As a general rule, a property owner is liable for any dangerous conditions that he knows about or reasonably should have known about. The former is known as “actual notice,” while the latter is “constructive notice.” This applies not just to private property owners, but also city and county governments, as a recent decision by the Georgia Court of Appeals illustrated.

City of Fitzgerald v. Caruthers

In this case, the victim himself was a municipal employee. While walking home one night from his job at the City of Fitzgerald’s public works department, a tree limb fell on the victim, knocking him unconscious and leaving him with serious injuries to his back, neck and eye.

The city’s public works director later visited the site of the accident and saw the rotted tree limb next to a decaying tree. He ordered the tree’s removal, although he did not document the work request or take pictures of the tree. The victim later observed the tree’s removal and noticed its stump had clearly rotted parts.

The victim subsequently sued the city for premises liability. The city moved for summary judgment, arguing, among other things, it was entitled to sovereign immunity. The trial court denied summary judgment, and on appeal, the Court of Appeals agreed the case should proceed to trial.

Judge M. Yvette Miller, writing for a unanimous three-judge panel of the Court of Appeals, said sovereign immunity did not apply in this case. Sovereign immunity prevents someone from suing the state or a municipality for failure to exercise a discretionary function. Victims may still sue when a government agency fails to perform a non-discretionary or “ministerial” duty. Here, Georgia law expressly states “municipalities generally have a ministerial duty to keep their streets in repair, and they are liable for injuries resulting from defects after actual notice, or after the defect has existed for a sufficient length of time for notice to be inferred.”

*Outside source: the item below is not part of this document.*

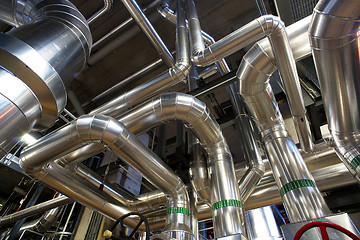 Image showing Equipment, cables and piping as found inside of a modern industr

In other words, the city can be held liable here if it had actual or constructive notice of the defective tree and failed to remove it in a timely manner. Judge Miller said both questions were for a jury to decide. The city may have had actual notice, the judge observed, as the director of public works admitted his department did not keep proper records of complaints regarding defective tree limbs. But even if the city did not have actual notice, it may still have had constructive notice, based on the director’s and the victim’s testimony the defective tree in question had clearly been decaying for some time before the accident.

The issue for the jury will be to determine whether or not the average person would have noticed something wrong with the tree. For instance, neither the director nor the victim were themselves tree experts. Yet both could tell the tree was in poor shape. That suggests the city, which employed 38 people to maintain the public streets, should have discovered the defective tree before the date of the accident.